Get the Recipe
Fish eggs, or roe, are harvested from so many kinds of fish and prepared in such innumerable ways that it's difficult to know where to begin.
The Russians are famous for their caviar harvested from sturgeon although red caviar, or salmon roe, is also beloved. The Japanese eat the same red caviar (called ikura) with white rice, either plainly or rolled up in sheets of seaweed. And if you've browsed the food section at Ikea, then you may have noticed that the Swedes are mighty fond of a smoked and salted cod roe paste that's squeezed from a tube onto sandwiches and crackers.

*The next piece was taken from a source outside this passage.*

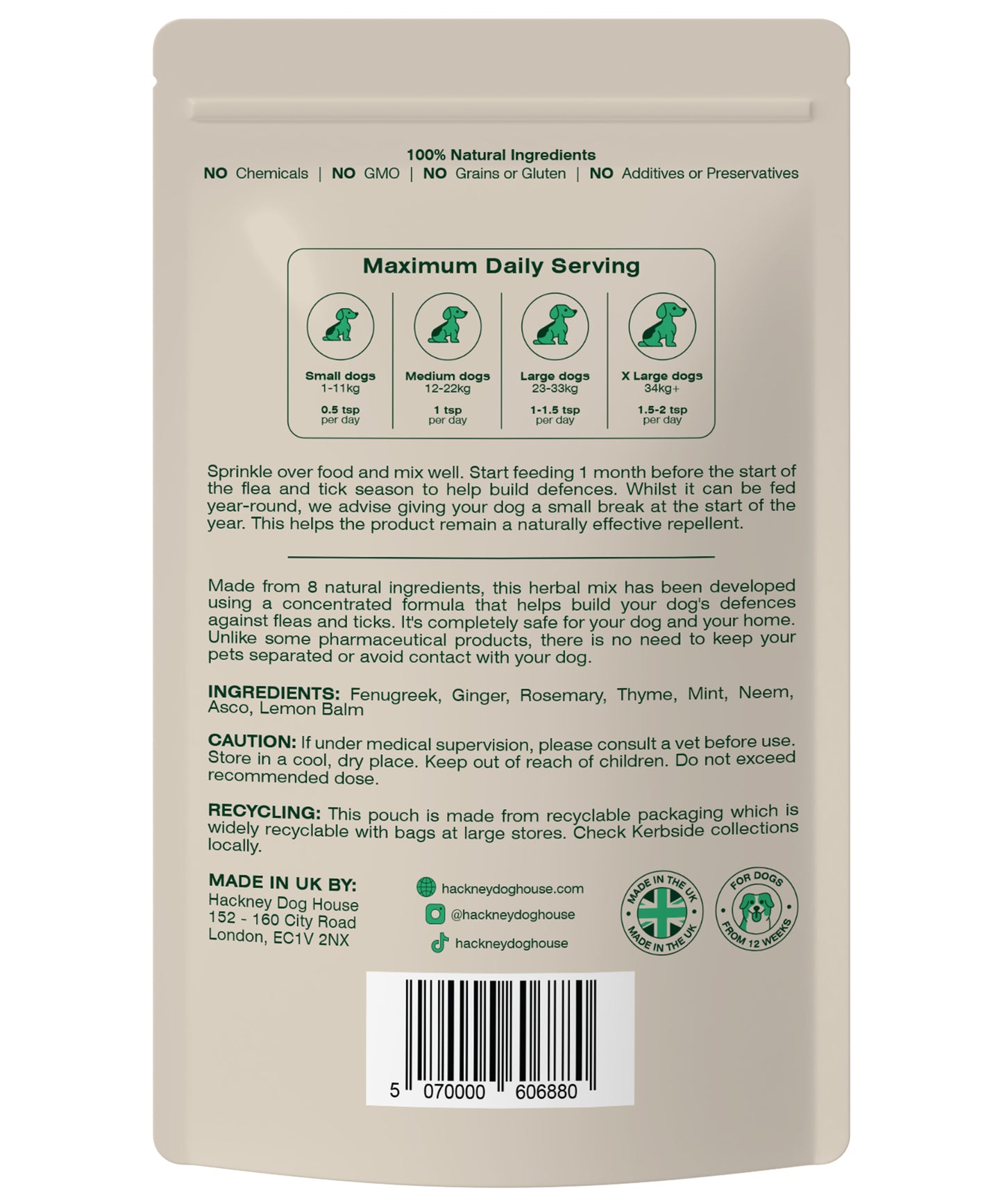 Single Pack | Herbal Flea & Tick for Dogs | 80 Servings (RRP: £16.95)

What unifies all these diverse fish egg experiences?
No matter the size of the egg or the species from which it came, fish roe is a globule-shaped vehicle to taste the ocean. Though tiny, roe is so full of flavor that you wonder if what you're tasting is real. That's the sense I get at least when eating a spoonful of black or red caviar—that popping release of briny yet sweet ocean liqueur.

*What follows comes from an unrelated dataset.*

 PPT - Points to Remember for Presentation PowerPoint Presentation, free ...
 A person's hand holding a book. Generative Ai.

Though you'll pay a hefty price for black caviar, red caviar is just as delicious and a fraction of the cost. It's available at most Japanese or Korean stores where sushi-grade fish is sold, and can also be found packed in glass jars at artisanal food stores.

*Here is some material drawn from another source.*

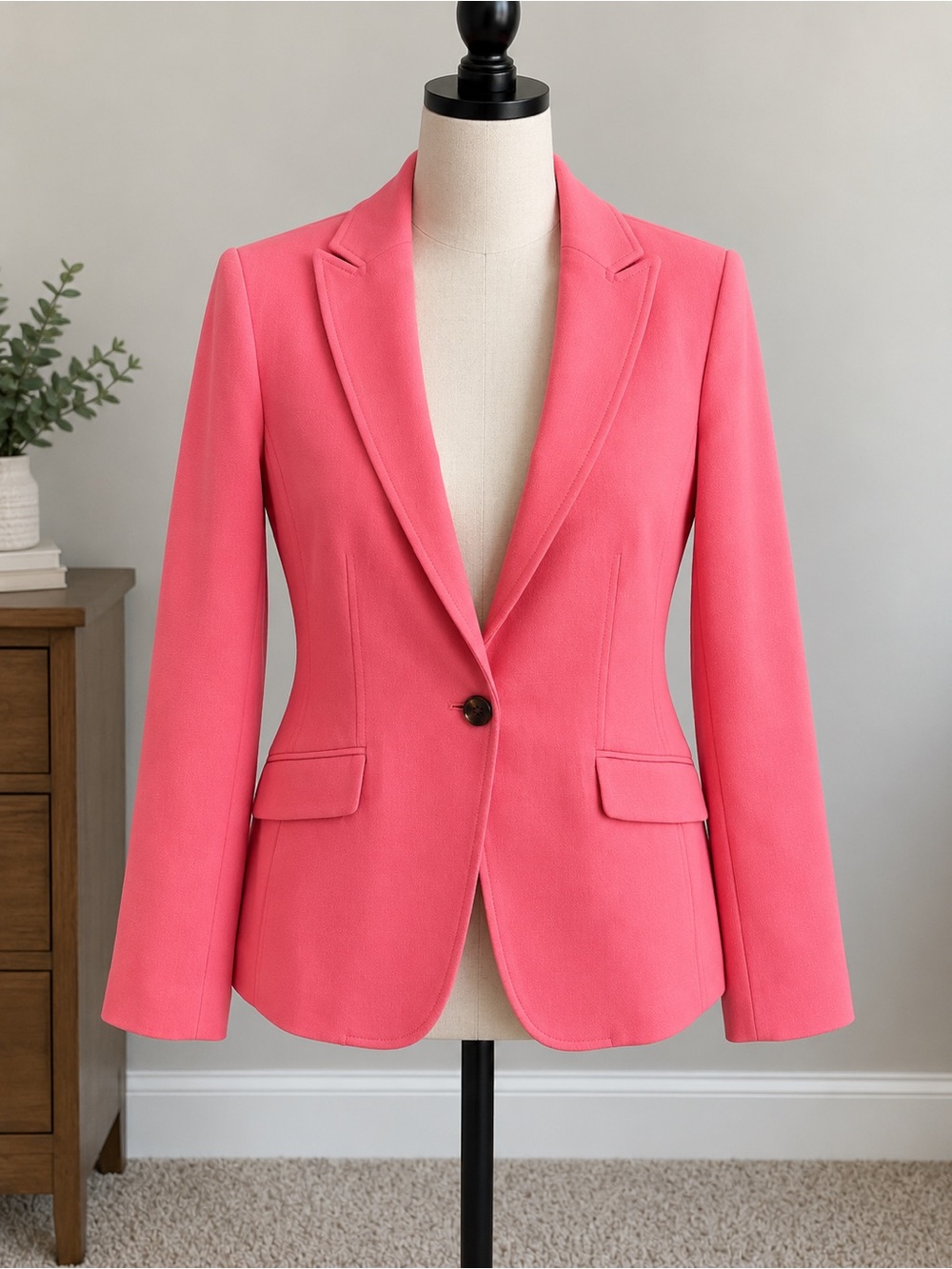 Talbots Coral Pink Single-Button Blazer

Salmon roe is very good with blinis and sour cream, or even spooned as is onto buttered toast. A bowl of white rice topped with a layer of ikura is a meal in itself with perhaps a few pickles on the side. For years I ate it straight out of the package before realizing you could cook with it. The Japanese steam ikura with pieces of lightly salted, seared salmon in a variation of another classic dish of chicken and egg (both preparations are plays on the concept of mother and child.) Steamed, the roe still retains its integrity and is milder in taste, losing a bit of the brininess.
Make your scrambled eggs with salmon roe and any fresh herbs of your choice. What the roe lacks in fat, the egg handily provides. The result is a salty, rich, indulgent variation of your typical morning eggs.